▶ Supplied information
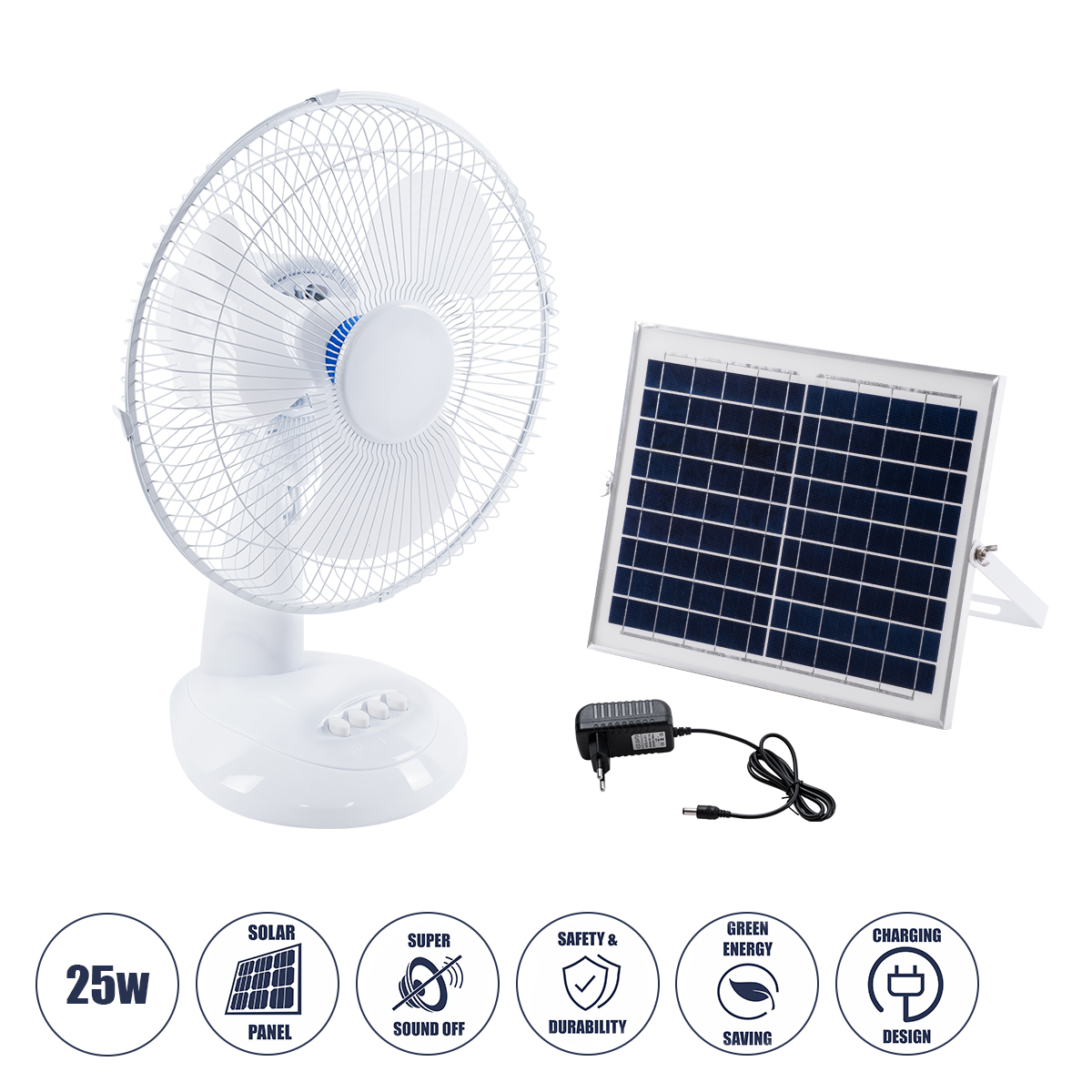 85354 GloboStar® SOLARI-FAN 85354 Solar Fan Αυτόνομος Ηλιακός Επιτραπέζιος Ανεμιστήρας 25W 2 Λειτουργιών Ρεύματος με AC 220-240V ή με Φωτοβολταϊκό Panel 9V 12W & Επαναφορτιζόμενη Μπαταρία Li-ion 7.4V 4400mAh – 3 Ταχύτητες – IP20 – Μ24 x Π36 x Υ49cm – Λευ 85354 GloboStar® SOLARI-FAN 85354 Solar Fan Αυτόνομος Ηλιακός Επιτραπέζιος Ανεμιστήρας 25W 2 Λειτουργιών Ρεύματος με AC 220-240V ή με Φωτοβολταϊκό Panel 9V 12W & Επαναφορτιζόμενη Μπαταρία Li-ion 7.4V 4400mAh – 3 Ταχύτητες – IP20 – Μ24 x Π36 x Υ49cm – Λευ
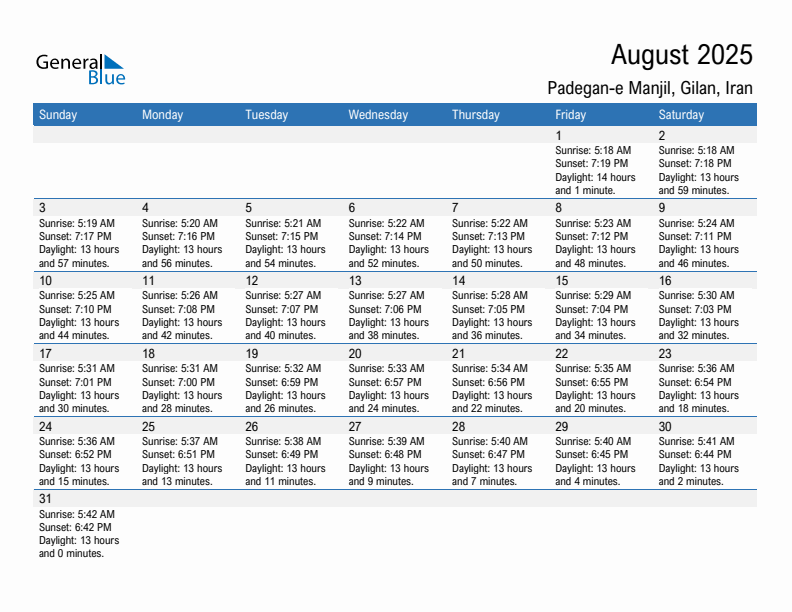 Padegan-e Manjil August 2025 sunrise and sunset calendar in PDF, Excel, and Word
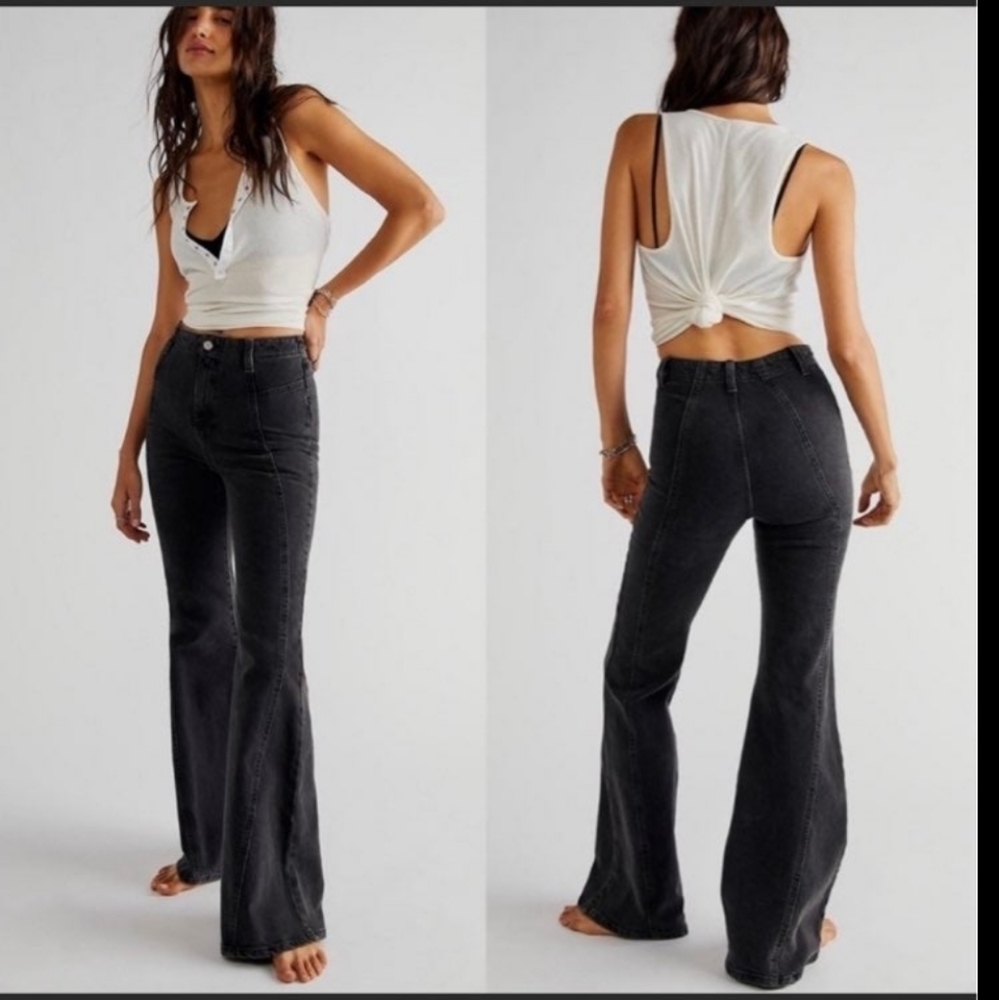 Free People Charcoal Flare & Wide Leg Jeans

▶ Exercise details
Pictures must be left out. Repeat exactly the lines from the one containing "Padegan-e Manjil August" through the final line of the data.

▶ Problem solution
 Padegan-e Manjil August 2025 sunrise and sunset calendar in PDF, Excel, and Word
 Free People Charcoal Flare & Wide Leg Jeans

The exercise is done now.